BID® Daily Newsletter
Jan 8, 2024

BID® Daily Newsletter

Jan 8, 2024

Become Your Business Customers’ #1 Choice

Summary: Business banking is most CFIs’ bread and butter. But many businesses have more than one banking relationship. To become a customer’s primary provider, CFIs will have to develop the ability to provide full cash visibility, multibank reporting, and multibank transactions.

Everyone has a favorite grocery store, but it’s rare for one store to carry everything shoppers are looking for. Rather than trying to stock every item shoppers might want to buy, a better strategy is to strive to be the favorite grocery store, where customers do the bulk of their shopping. Then, customers can seek out specialty stores for the more niche items.
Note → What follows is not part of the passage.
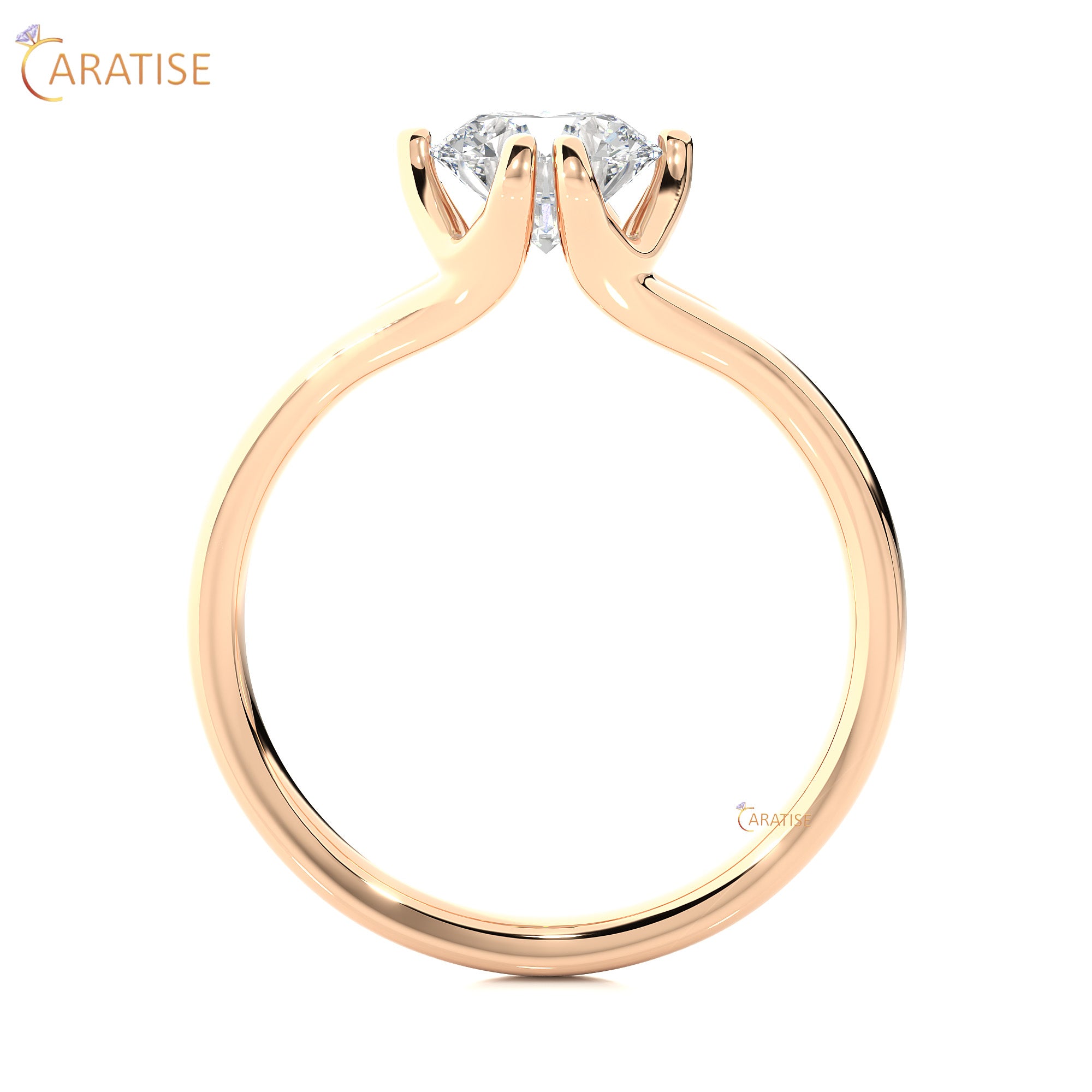 1.08 TDW Round Cut Moissanite Diamond Solitaire Ring 925 Silver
Financial institutions can use this same strategy to entice business customers to consider them their “main bank.”
Retail banking customers and sole proprietors typically have relationships with a single financial provider. But when businesses grow, they often have multiple banking relationships.
A Deloitte report found that one-third of companies with $1B or more in annual revenue had banking relationships with at least 10 financial institutions. The trend is accelerating, with smaller firms increasingly using multibank strategies.
Within these multi-bank relationships, however, one provider can still stand out. A community financial institution (CFI) can establish itself as a business customer’s primary banking relationship, becoming the financial institution that “owns” the relationship and receiving the lion’s share of what the customer spends on financial services.
To accomplish this, a CFI will need to do more than simply provide standard banking services. It will need to help its business customers improve their own bottom lines. Through comprehensive service offerings and clever strategy, you can make sure you stand out from the other financial relationships your customers have.
Prioritize your best customers.
Look at your business customers’ accounts, transactions, and product use, then prioritize the businesses for which you would most like to be the primary financial institution. Focus on customers that have a history of positively affecting your CFI’s bottom line. For instance, a business that relies on your CFI for treasury management and a primary operating account might offer 3x the return of a business with a standalone loan. Consider reducing the capital you devote to the businesses that are less likely to bring revenue so you can direct more to your best clients.
Use open banking to help customers understand their total financial position.
A customer with multiple banking relationships is the opposite of consolidated, with cash, debt, and fee commitments to a variety of financial institutions. This complicates their view of their business’ finances and leaves them reconciling accounts manually. You can use open banking to help clients see a holistic view of their financial situations.
Leverage data to recommend other financial services.
Analyze customer transactions and use that information to recommend new financial services, including those that might be new to the client. Be sure to highlight the recommended services your CFI can provide. You might also partner with one or more fintechs that offer services that are useful to your priority business customers.
Make payments happen faster and more reliably; help customers manage cash flow.
CFIs can buy or create their own automated invoicing, payments, and cash flow prediction products, or give their customers access to their products by partnering with fintechs. They can also offer commercial customers quick, competitively priced clearance on Automated Clearing House payments and use their own resources or those of a correspondent bank, like PCBB, to send payments quickly and accurately via FedNow® Service.
Many businesses have multiple banking relationships. You probably can’t win every bit of your customers’ business. But you have a chance to become their primary banking relationship by working to give them a better view of their finances, suggesting products relevant to their needs, and helping them speed up payments and manage their capital.